Work request:
Which of the lines below hold "image"? Please return each one.

Start of Dataset records

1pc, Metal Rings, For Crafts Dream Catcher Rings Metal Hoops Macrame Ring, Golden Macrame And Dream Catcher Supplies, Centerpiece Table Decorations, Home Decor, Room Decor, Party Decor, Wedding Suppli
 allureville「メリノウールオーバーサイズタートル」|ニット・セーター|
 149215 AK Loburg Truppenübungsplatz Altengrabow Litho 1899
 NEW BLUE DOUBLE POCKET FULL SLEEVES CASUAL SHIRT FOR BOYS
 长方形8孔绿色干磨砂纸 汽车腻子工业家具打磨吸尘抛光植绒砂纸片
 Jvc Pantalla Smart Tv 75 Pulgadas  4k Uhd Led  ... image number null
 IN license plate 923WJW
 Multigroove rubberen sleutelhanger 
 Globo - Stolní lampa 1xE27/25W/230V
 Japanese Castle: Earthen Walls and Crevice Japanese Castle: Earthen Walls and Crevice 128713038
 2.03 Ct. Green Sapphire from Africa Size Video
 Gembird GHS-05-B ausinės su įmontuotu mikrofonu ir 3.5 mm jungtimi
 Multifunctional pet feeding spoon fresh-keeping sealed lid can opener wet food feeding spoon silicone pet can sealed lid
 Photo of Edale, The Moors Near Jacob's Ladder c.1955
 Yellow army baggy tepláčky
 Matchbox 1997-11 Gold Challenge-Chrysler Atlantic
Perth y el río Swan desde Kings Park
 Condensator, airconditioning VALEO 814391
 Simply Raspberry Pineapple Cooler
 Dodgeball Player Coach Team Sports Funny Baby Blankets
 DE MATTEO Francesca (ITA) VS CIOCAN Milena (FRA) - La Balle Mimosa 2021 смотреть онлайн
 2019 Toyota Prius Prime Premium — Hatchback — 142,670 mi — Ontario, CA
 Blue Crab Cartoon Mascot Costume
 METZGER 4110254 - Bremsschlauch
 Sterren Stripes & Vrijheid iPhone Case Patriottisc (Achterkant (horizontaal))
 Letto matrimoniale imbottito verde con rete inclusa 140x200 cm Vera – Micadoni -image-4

End of Dataset records

Answer:
 Jvc Pantalla Smart Tv 75 Pulgadas  4k Uhd Led  ... image number null
 Letto matrimoniale imbottito verde con rete inclusa 140x200 cm Vera – Micadoni -image-4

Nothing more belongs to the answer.